What to do:
Copy, word for word, the line containing "Flannel Button Down Shirt with Hoodie" and each line that follows it in the entries below; pictures do not belong in the copy.

Task inputs:
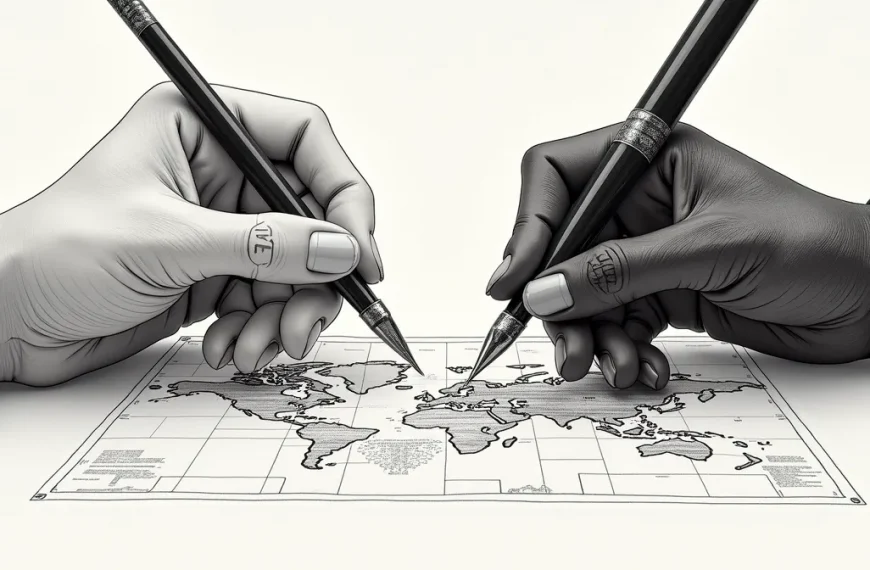 Mano humana y mano robótica trabajando juntas en un plano, simbolizando el uso ético de la IA en una estrategia de marketing humana.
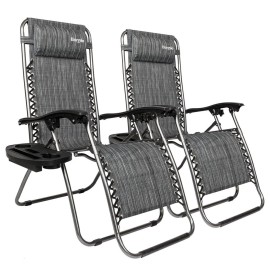 Large Zero Gravity Chair Lounge Patio Chairs Lawn Chairs /w Cup Holder Folding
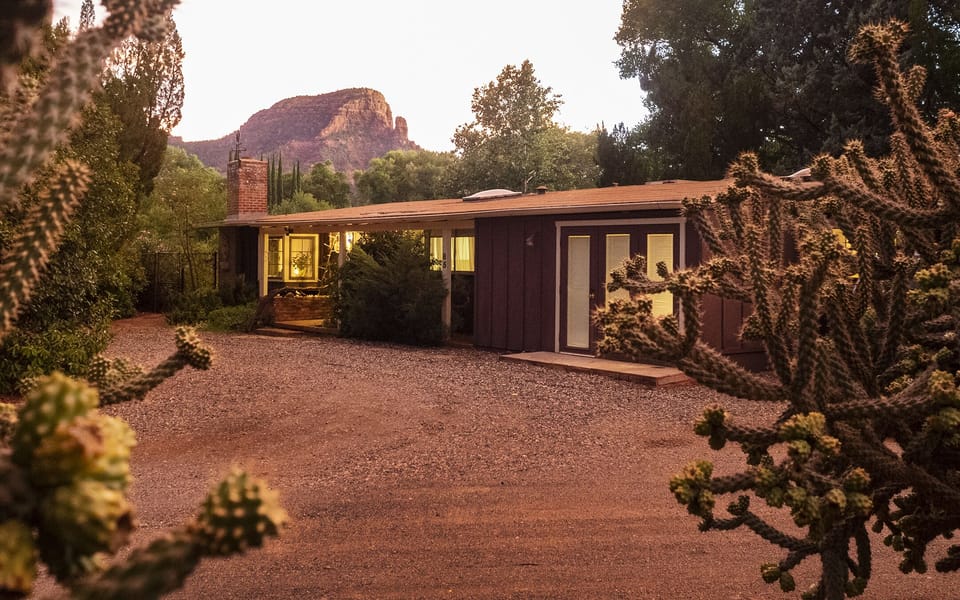 The front of the home at dusk
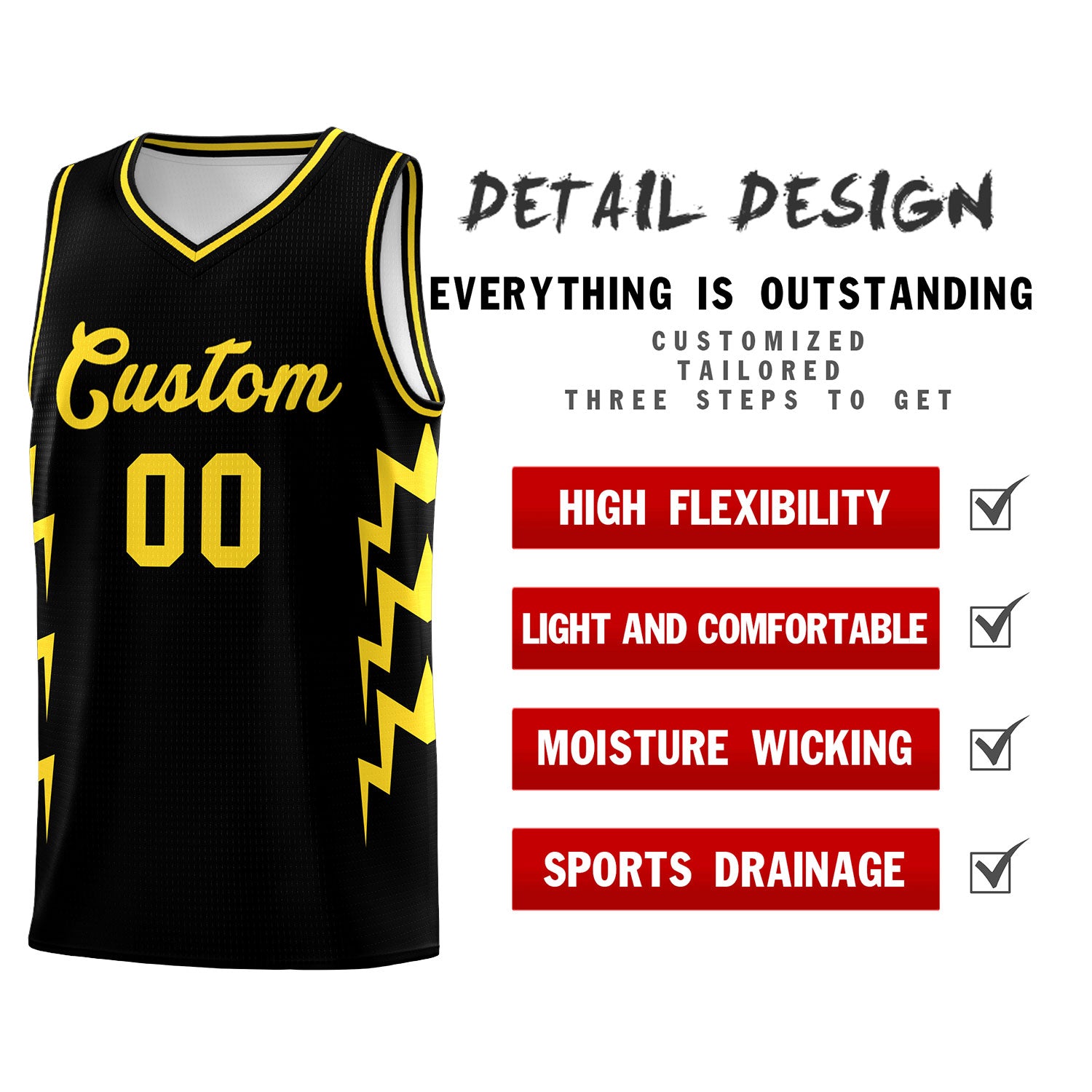 Custom Black Side Lightning Pattern Sports Uniform Basketball Jersey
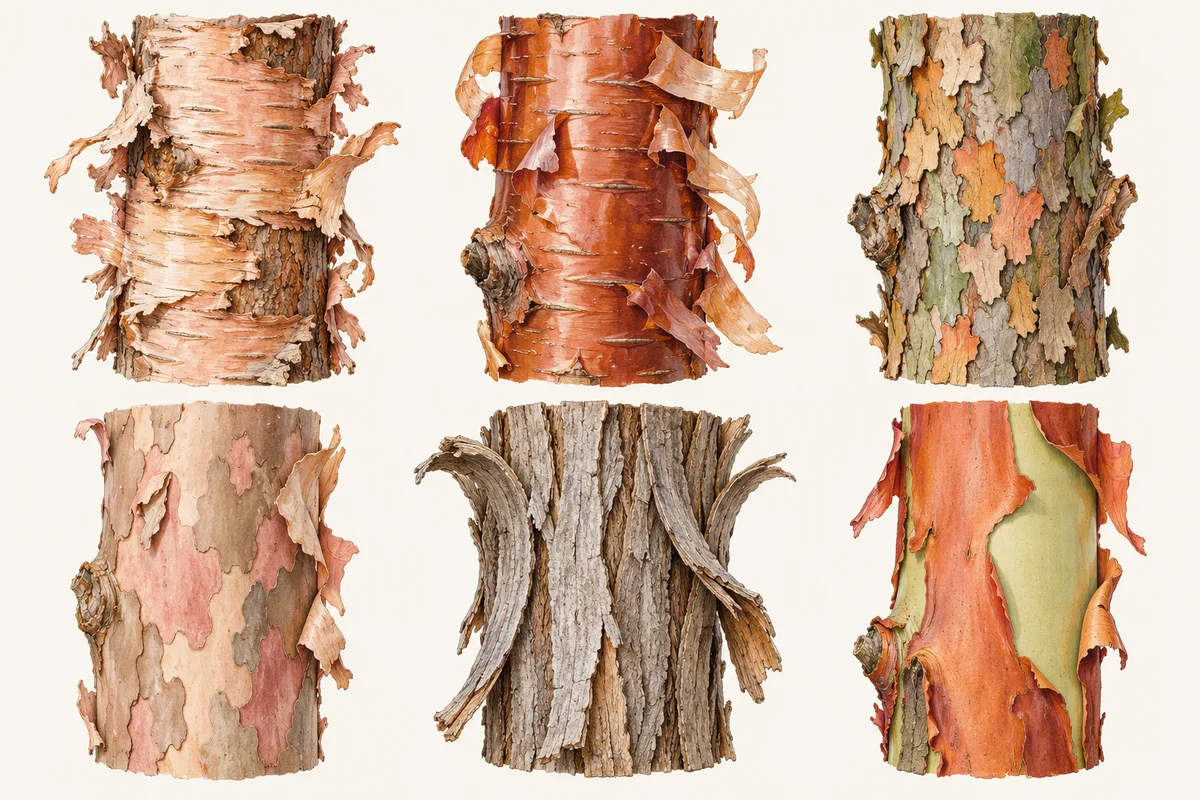Illustration of the peeling bark of river birch, paperbark maple, lacebark elm, crape myrtle, shagbark hickory and Pacific madrone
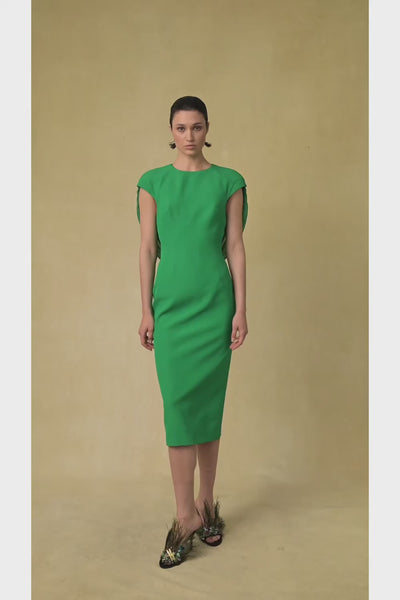 Viscose and silk midi dress with cowl back – Rasario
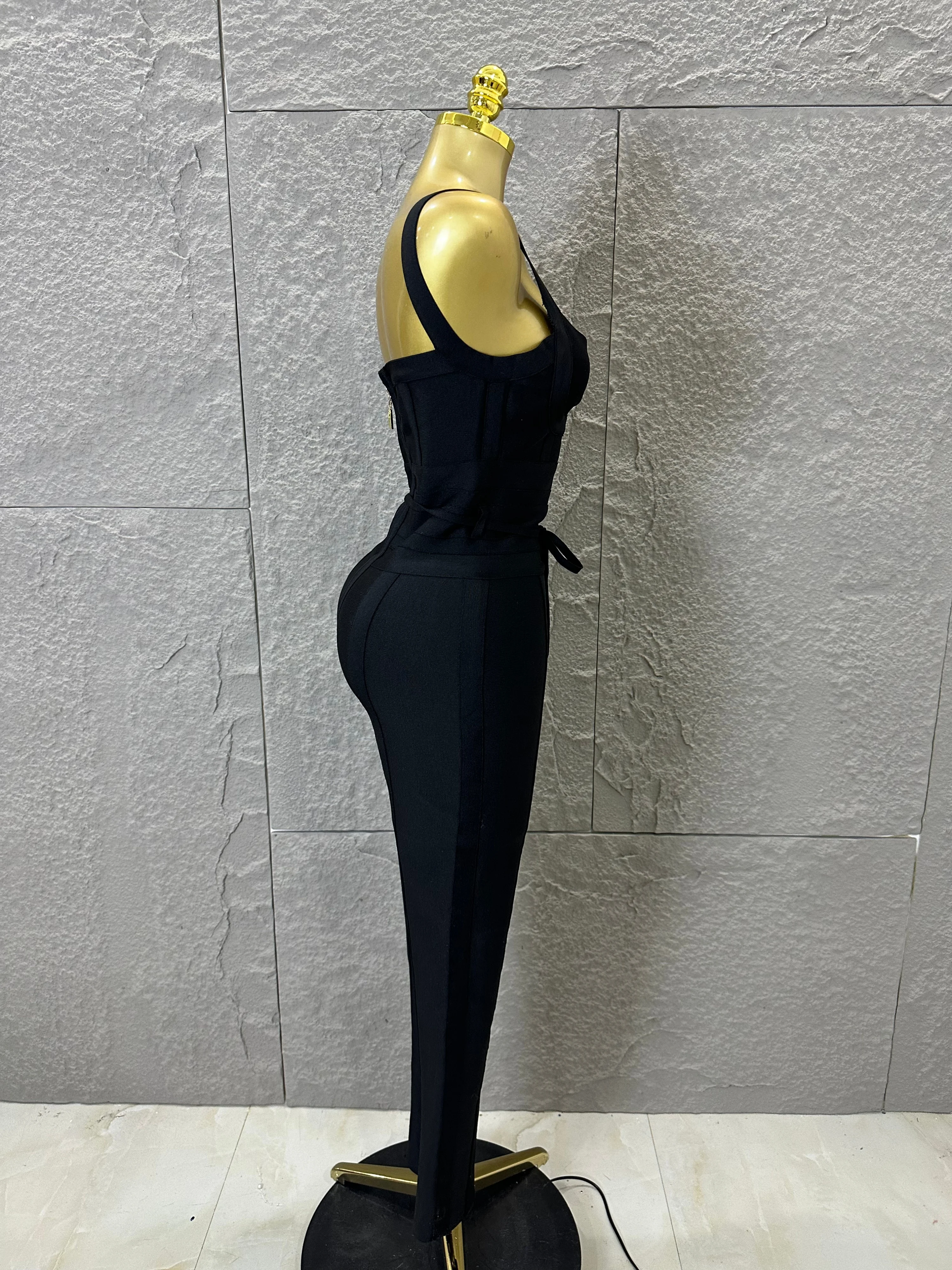 

Top Quality Sexy Black V-neck Bodycon Sexy Rayon Bandage Jumpsuit Night Club Party Nightclub Party Jumpsuit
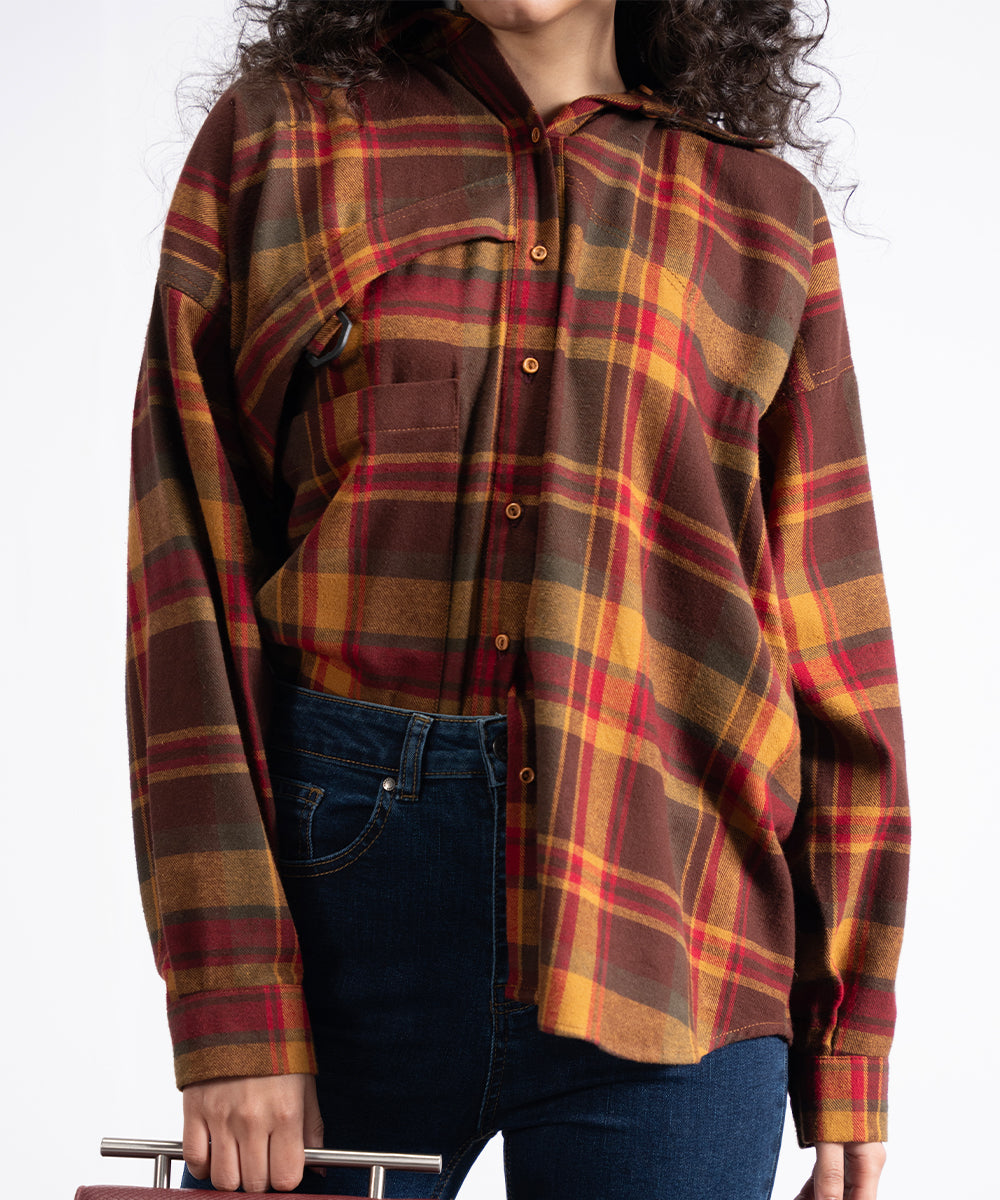 Flannel Button Down Shirt with Hoodie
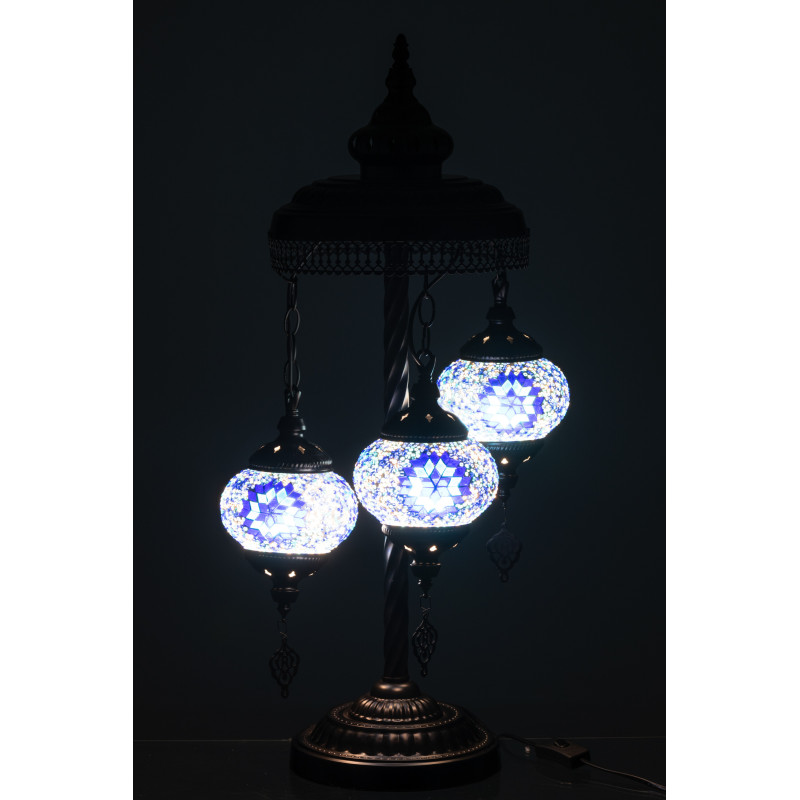 Grande Lampe originale marocaine 3 ampoule Hauteur 71 cm en Verre Bleu Mosaïque Métal Noir Zami - 4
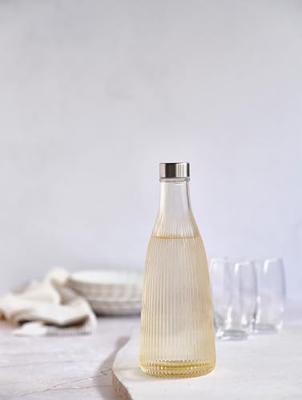 Cosy & Trendy Waterkaraf Atla met RVS Dop - Glas - Sparkling Champagne - 1 liter Cosy & Trendy Waterkaraf Atla met RVS Dop - Glas - Sparkling Champagne - 1 liter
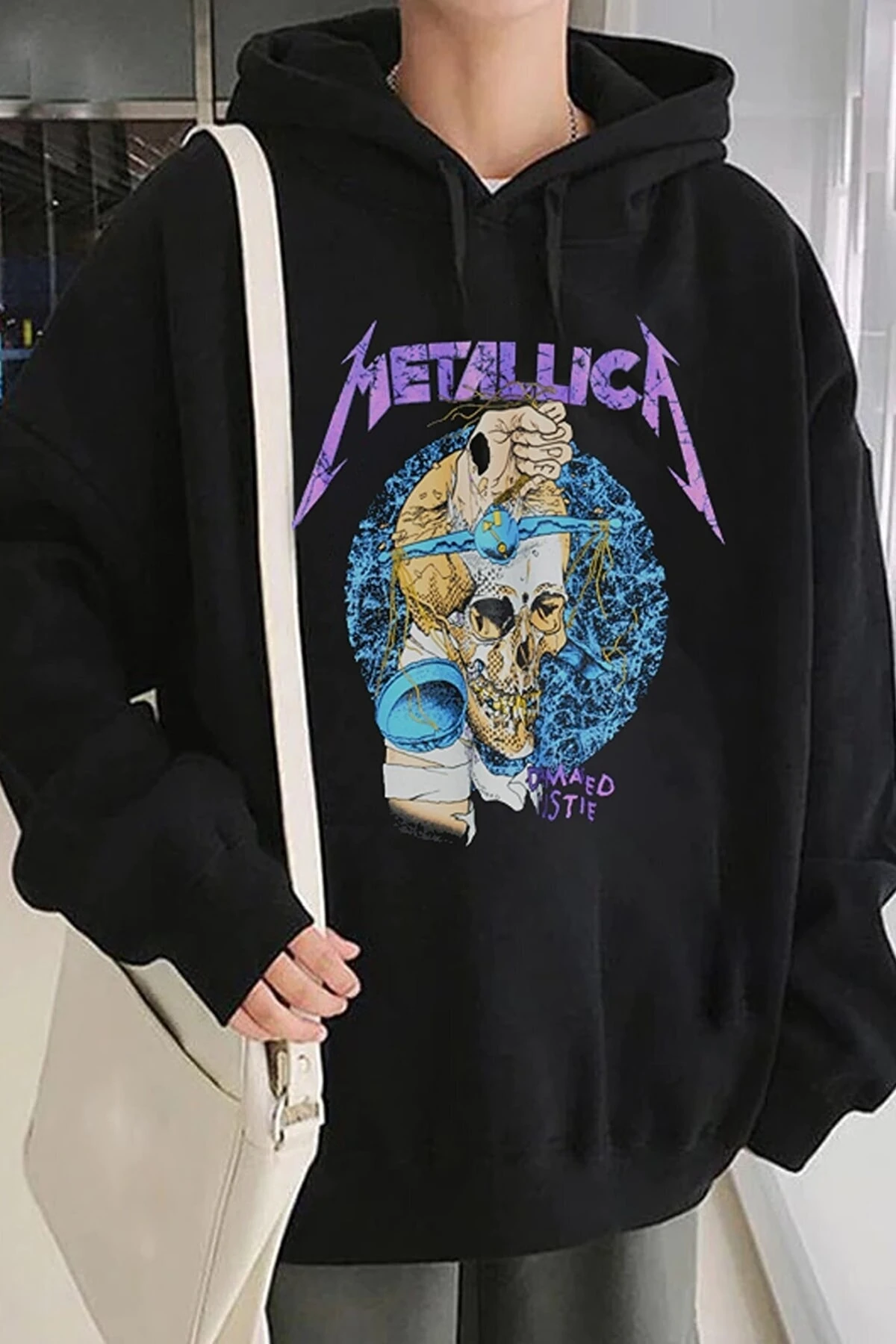 Metallica Rock Metal Hoodie Damaged Justice Siyah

Solution to this task:
 Flannel Button Down Shirt with Hoodie
 Grande Lampe originale marocaine 3 ampoule Hauteur 71 cm en Verre Bleu Mosaïque Métal Noir Zami - 4
 Cosy & Trendy Waterkaraf Atla met RVS Dop - Glas - Sparkling Champagne - 1 liter Cosy & Trendy Waterkaraf Atla met RVS Dop - Glas - Sparkling Champagne - 1 liter
 Metallica Rock Metal Hoodie Damaged Justice Siyah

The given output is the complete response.